Come on girls we should all be supporting the same side, so do everyone a favour and get your own boyfriend, leave the ones that are taken alone'.            -  Susan






She’s Flirting With My Boyfriend! A Survival Guide


Nearly every relationship is challenged by a poacher. She might be a co-worker, a ‘friend,’ an ex, or perhaps just some drunk at your local watering hole. Sometimes the situation can be a lot worse. If it’s your friend, or a neighbour, this can turn the situation very sour, very quickly.
So how do you deal with a relationship poacher? First, you need to make sure that the girl is definitely on the prowl, and you’re not getting worked up over nothing. Luckily, the signs are loud and clear.
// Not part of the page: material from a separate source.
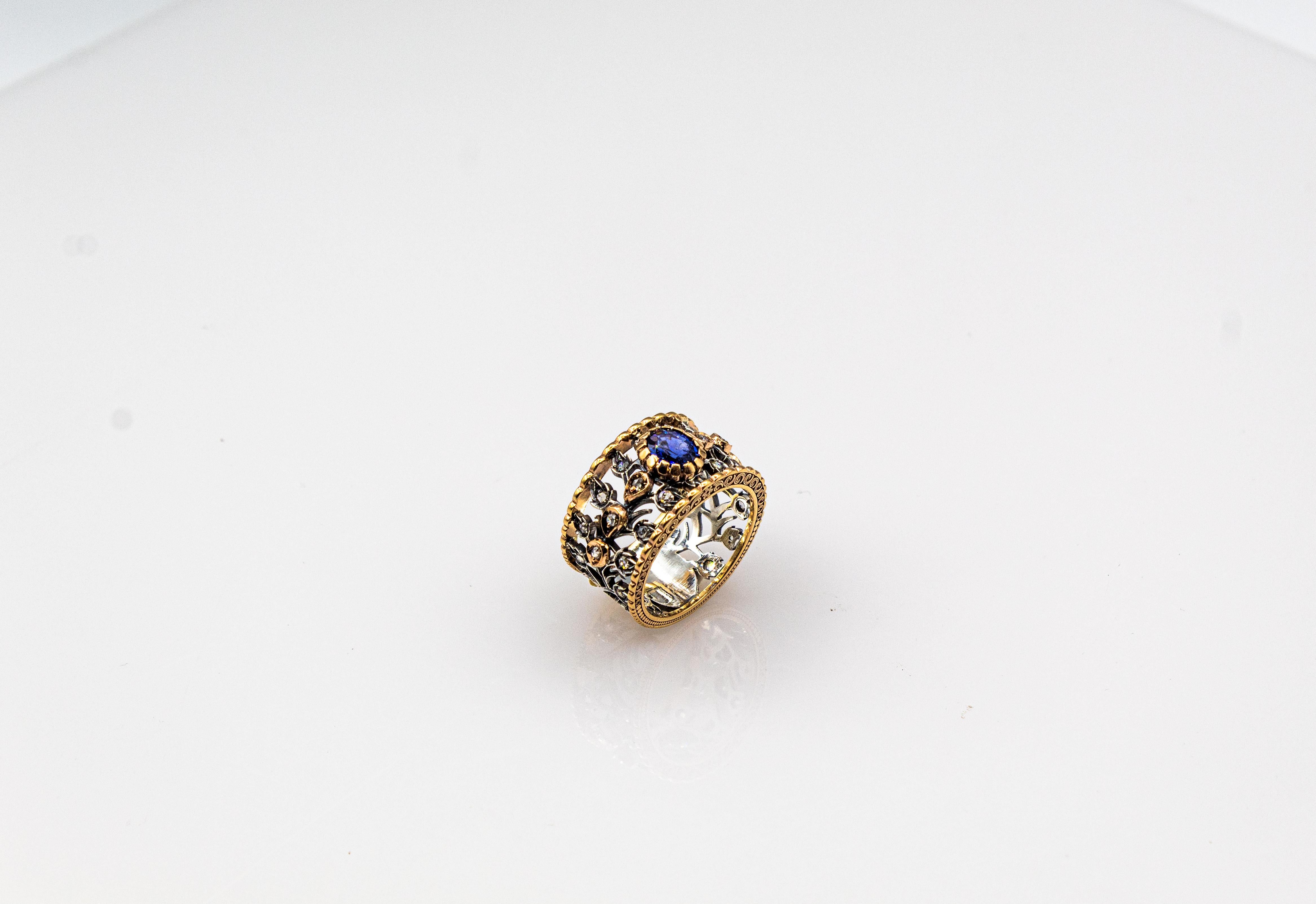 Gelbgoldring im Art-déco-Stil mit weißem Diamanten im Rosenschliff und blauem Saphir im Ovalschliff im Angebot 3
Signs That She’s A Poacher

  • She randomly appears wherever you go
  • Girl will talk your boyfriend’s ear off…but she won’t include you in the conversation
  • She’ll avoid making eye contact with you when she talks to him
  • Although she may throw you a bitchy smile when he’s not looking
  • Any opportunity to touch him, she’ll take it
  • If they’re friends on social media, she’s the one liking every. single. post
  • But if you’re in his post, then she’s never clicked ‘like’
  • She may call or text him at odd hours
This behaviour would be enough to enrage anyone! But before you go Cat 5. Hulk, STOP. It’s time to take a deep breath, count to five, and read this guide.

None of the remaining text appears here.